◆ Your goal: Print each line from the start of the records below up through the line where "Tech Tonix Alloy" is found, exactly as given.

◆ Source data:
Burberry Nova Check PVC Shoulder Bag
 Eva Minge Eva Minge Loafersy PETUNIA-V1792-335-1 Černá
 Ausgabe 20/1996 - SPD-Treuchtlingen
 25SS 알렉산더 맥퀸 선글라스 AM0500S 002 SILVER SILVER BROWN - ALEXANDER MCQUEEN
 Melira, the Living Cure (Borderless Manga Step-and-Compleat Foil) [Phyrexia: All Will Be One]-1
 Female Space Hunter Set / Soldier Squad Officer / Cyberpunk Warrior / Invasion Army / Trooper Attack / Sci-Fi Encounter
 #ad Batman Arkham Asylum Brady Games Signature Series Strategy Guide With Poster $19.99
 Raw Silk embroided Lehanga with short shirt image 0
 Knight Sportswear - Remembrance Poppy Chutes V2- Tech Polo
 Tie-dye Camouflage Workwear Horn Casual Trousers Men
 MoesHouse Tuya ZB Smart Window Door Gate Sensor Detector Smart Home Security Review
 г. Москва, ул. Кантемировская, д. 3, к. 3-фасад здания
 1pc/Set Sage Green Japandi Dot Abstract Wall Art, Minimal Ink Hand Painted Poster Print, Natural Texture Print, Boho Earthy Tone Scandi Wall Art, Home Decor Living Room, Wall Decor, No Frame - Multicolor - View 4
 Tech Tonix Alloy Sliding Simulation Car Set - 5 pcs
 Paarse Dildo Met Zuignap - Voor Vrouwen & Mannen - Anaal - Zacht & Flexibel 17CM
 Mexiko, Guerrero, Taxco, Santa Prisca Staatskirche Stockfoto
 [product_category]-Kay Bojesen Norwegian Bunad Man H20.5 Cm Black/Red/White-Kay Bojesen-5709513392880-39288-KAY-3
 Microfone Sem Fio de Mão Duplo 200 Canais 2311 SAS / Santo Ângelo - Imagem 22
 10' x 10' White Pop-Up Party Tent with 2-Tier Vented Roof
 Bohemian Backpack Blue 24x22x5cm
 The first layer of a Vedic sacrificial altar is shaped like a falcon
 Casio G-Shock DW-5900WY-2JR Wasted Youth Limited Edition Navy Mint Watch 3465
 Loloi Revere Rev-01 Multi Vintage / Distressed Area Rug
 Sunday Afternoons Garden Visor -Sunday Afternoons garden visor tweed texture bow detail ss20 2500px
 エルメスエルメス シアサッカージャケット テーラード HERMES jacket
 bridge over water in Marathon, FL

◆ Task solution:
Burberry Nova Check PVC Shoulder Bag
 Eva Minge Eva Minge Loafersy PETUNIA-V1792-335-1 Černá
 Ausgabe 20/1996 - SPD-Treuchtlingen
 25SS 알렉산더 맥퀸 선글라스 AM0500S 002 SILVER SILVER BROWN - ALEXANDER MCQUEEN
 Melira, the Living Cure (Borderless Manga Step-and-Compleat Foil) [Phyrexia: All Will Be One]-1
 Female Space Hunter Set / Soldier Squad Officer / Cyberpunk Warrior / Invasion Army / Trooper Attack / Sci-Fi Encounter
 #ad Batman Arkham Asylum Brady Games Signature Series Strategy Guide With Poster $19.99
 Raw Silk embroided Lehanga with short shirt image 0
 Knight Sportswear - Remembrance Poppy Chutes V2- Tech Polo
 Tie-dye Camouflage Workwear Horn Casual Trousers Men
 MoesHouse Tuya ZB Smart Window Door Gate Sensor Detector Smart Home Security Review
 г. Москва, ул. Кантемировская, д. 3, к. 3-фасад здания
 1pc/Set Sage Green Japandi Dot Abstract Wall Art, Minimal Ink Hand Painted Poster Print, Natural Texture Print, Boho Earthy Tone Scandi Wall Art, Home Decor Living Room, Wall Decor, No Frame - Multicolor - View 4
 Tech Tonix Alloy Sliding Simulation Car Set - 5 pcs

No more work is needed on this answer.